Cell roaming and differentiation: Interestingly, TSCI and TBI exert differential stimulatory effects on neuronal stem cell niches in the brain, with potential effects on cell recruitment [282]. Regarding MSC chemotaxis to the injured spinal cord, CGRP—which is strongly regulated after TBI—showed a key role in vitro and ex vivo [283]. Antibody blockading of interleukin 6, which is strongly upregulated after concomitant injuries and severe infection in mice with TSCI and MSC treatment, improved MSC survival and locomotor function. The GH/IGF-1 axis, including the parathyroid hormone (PTH) and VitD3, are crucially involved in chondrogenic and osteogenic MSC differentiation as well as MSC-mediated angiogenesis [284,285,286], while local hypoxia enhances MSC proliferation in vitro [287]. As both TSCI and TBI cause heterotopic ossification, positive effects on MSC proliferation as well as negative osteogenic effects on MSC differentiation after severe trauma could be limiting aspects that require further research.

(III)

Limiting secondary injury: As severe autonomic dysregulation affects whole-system energy metabolism via distinct effects on gastrointestinal function, glucose and lipid distribution, metabolism, and browning of adipose tissue, direct and indirect effects on MSC treatment in TSCI are very likely. Regarding limiting secondary injury with transplanted MSC, they are directly affected by adrenergic signalling; stimulatory and inhibitory proliferative effects have been described [288,289,290], while increased survival under challenging conditions such as hyperglycaemia and oxidative stress [110,291] were also observed. Overall, the data on SNS impact on MSCs in trauma is limited, while PNS effects on MSCs are little understood at present. Regarding circadian rhythm, melatonin has been shown to be a relevant factor in MSC treatment of TSCI in vivo [292,293]. In MSCs, and derived cell types a significant number of genes show circadian expression, regulating their differentiation and activity [294,295,296,297]. Melatonin preconditioning of these cells could improve their regenerative potential [298,299,300]. As TSCI and TBI both negatively affect circadian rhythm as well as circadian-mediated inflammatory and healing cascades [227,233,301,302], chronotherapeutic aspects in MSC therapy for TSCI should be considered.

(IV)

Optimised neural healing: MSC-based therapy was reported to positively affect neural healing in TSCI, specifically through enhanced axonal regeneration and reduced glial scarring via the paracrine effects of secreted cytokines, exosomes, and local mediation of inflammatory response [274]. Specifically, modulation of the local inflammatory micromilieu by an MSC-mediated shift in macrophage polarisation towards M2 [303], as well as an exosome-induced reduction in astrocyte-mediated posttraumatic neurodegradation [304] was observed. As previously stated, TBI induces relevant inflammatory peripheral modulation [94], systemic and peripheral inflammation [305] and disturbed microbiota [89], and has been linked to enhanced bone healing by M2 polarisation in clavicle fractures [306]. In association with TSCI, these effects have not been addressed, although some impact of TBI on MSC-mediated regeneration following TSCI can be expected.

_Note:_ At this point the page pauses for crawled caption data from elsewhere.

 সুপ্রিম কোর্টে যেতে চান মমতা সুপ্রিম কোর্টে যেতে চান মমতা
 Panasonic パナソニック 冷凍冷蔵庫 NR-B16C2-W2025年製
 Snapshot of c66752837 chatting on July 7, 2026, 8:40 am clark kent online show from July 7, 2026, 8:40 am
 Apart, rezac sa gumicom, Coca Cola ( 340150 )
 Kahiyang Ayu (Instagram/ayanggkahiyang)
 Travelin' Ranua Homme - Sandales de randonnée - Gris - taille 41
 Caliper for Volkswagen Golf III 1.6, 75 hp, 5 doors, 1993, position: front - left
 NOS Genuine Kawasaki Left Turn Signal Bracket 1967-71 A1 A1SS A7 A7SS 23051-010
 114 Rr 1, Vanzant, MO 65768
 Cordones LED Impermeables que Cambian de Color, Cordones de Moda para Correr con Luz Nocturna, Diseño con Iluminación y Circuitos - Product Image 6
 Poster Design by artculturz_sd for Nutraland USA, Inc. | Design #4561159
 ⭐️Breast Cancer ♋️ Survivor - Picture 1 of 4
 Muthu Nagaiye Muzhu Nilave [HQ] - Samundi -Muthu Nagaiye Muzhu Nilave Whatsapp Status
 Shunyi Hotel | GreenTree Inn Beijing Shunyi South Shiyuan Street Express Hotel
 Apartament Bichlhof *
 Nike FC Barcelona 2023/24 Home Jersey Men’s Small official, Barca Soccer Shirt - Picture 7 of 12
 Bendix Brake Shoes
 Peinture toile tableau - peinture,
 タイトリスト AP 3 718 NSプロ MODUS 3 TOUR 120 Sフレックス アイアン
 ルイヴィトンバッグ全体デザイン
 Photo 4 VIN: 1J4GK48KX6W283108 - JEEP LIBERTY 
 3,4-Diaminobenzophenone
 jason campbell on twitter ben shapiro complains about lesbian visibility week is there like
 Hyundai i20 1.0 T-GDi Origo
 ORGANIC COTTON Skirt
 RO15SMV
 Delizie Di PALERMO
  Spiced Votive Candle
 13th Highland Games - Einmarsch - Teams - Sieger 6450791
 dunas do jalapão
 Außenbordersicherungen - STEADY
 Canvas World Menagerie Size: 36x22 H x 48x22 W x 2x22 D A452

Overall, MSCs have a regulatory phenotype; they respond quickly to environmental signals that control their biological and secretorial activity [84,280]. The varied impacts of concurrent TBI and TSCI on MSCs are not fully explored; however, the available data suggest that there is an easily discernible association between the existence of additional trauma such as TBI and the efficacy of MSC-based therapy in TSCI, warranting further research attention.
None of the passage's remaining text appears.